───── Source material
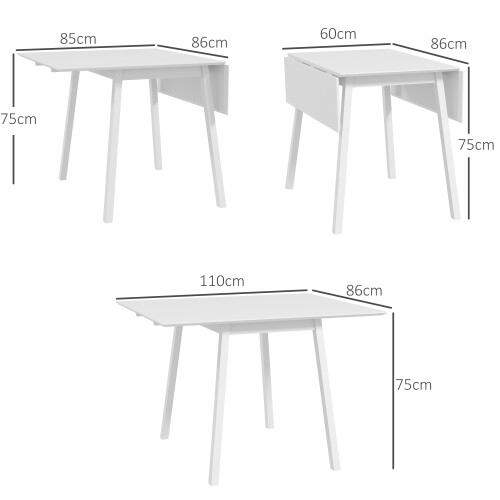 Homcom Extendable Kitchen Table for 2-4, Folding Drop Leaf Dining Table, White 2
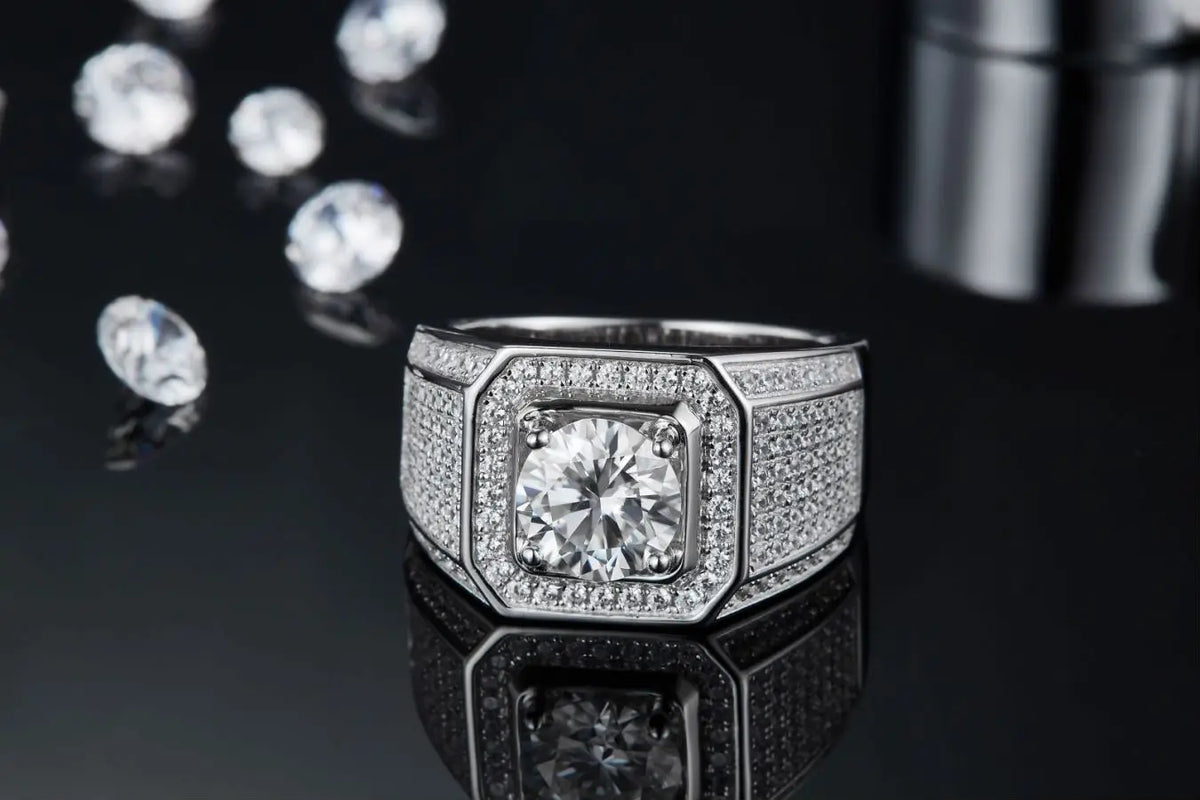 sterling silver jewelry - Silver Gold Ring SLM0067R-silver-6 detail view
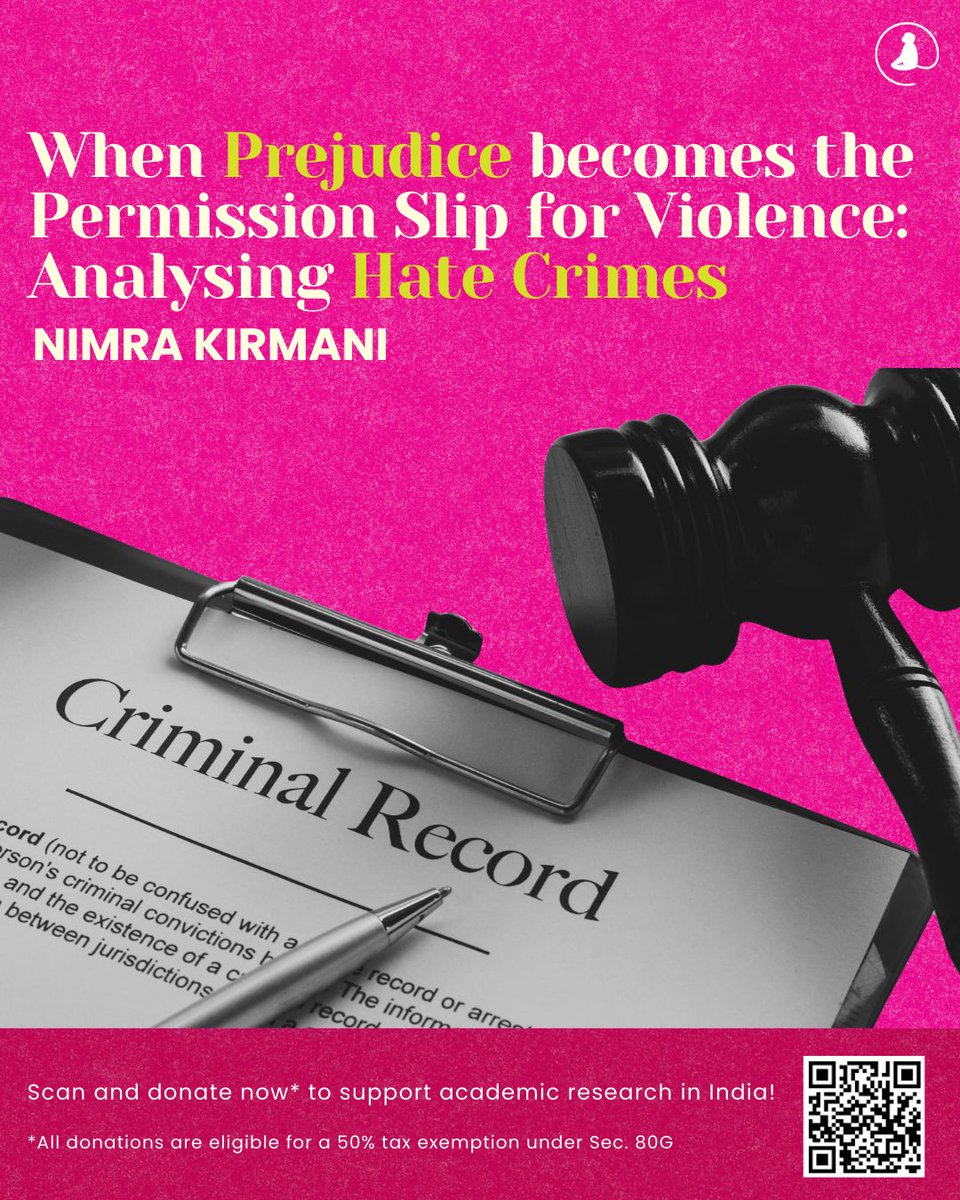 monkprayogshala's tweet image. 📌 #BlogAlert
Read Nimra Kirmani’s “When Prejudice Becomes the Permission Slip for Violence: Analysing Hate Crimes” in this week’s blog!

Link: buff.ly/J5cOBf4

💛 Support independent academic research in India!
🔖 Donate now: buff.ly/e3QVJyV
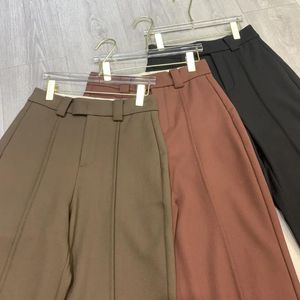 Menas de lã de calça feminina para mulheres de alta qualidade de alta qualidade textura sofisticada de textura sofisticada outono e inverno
──────────
───── Source material
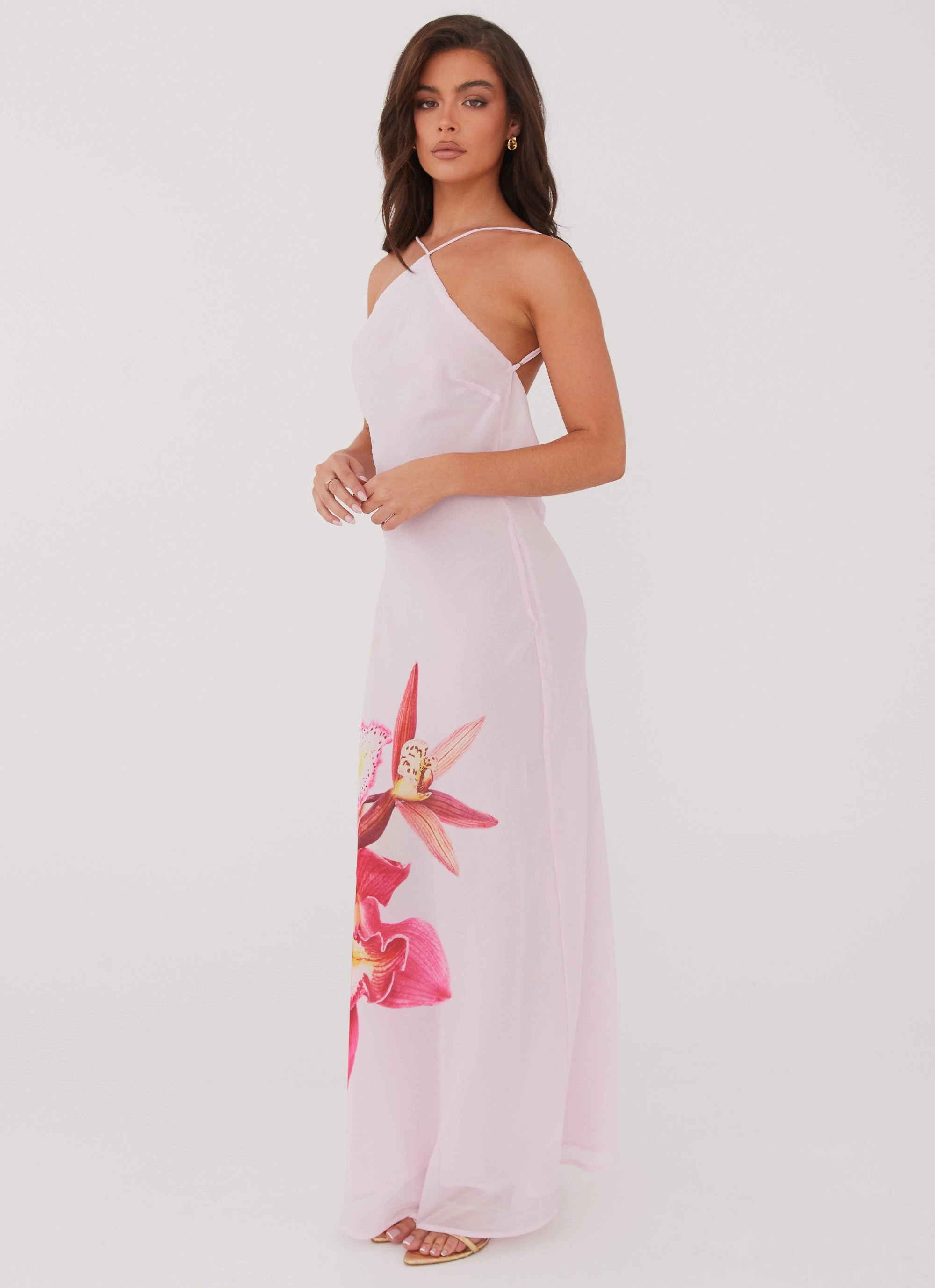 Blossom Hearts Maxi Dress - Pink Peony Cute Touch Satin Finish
──────────
───── Source material
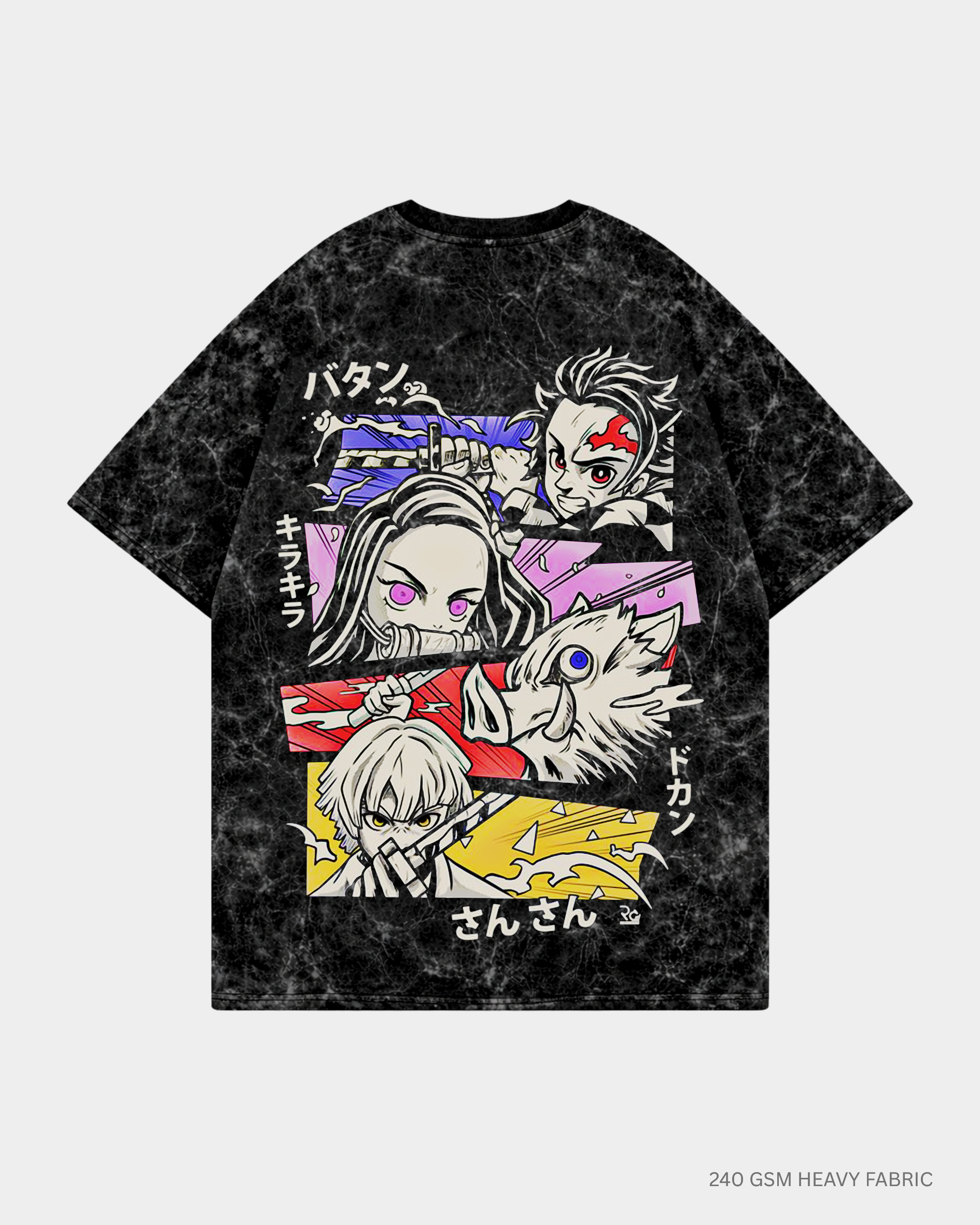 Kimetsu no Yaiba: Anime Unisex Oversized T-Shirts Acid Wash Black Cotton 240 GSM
──────────
What the task requires → With the pictures left out, write out exactly the lines above from the one containing "Read Nimra Kirmani’s" through the one containing "Menas de lã".

Written solution →
Read Nimra Kirmani’s “When Prejudice Becomes the Permission Slip for Violence: Analysing Hate Crimes” in this week’s blog!

Link: buff.ly/J5cOBf4

💛 Support independent academic research in India!
🔖 Donate now: buff.ly/e3QVJyV
 Menas de lã de calça feminina para mulheres de alta qualidade de alta qualidade textura sofisticada de textura sofisticada outono e inverno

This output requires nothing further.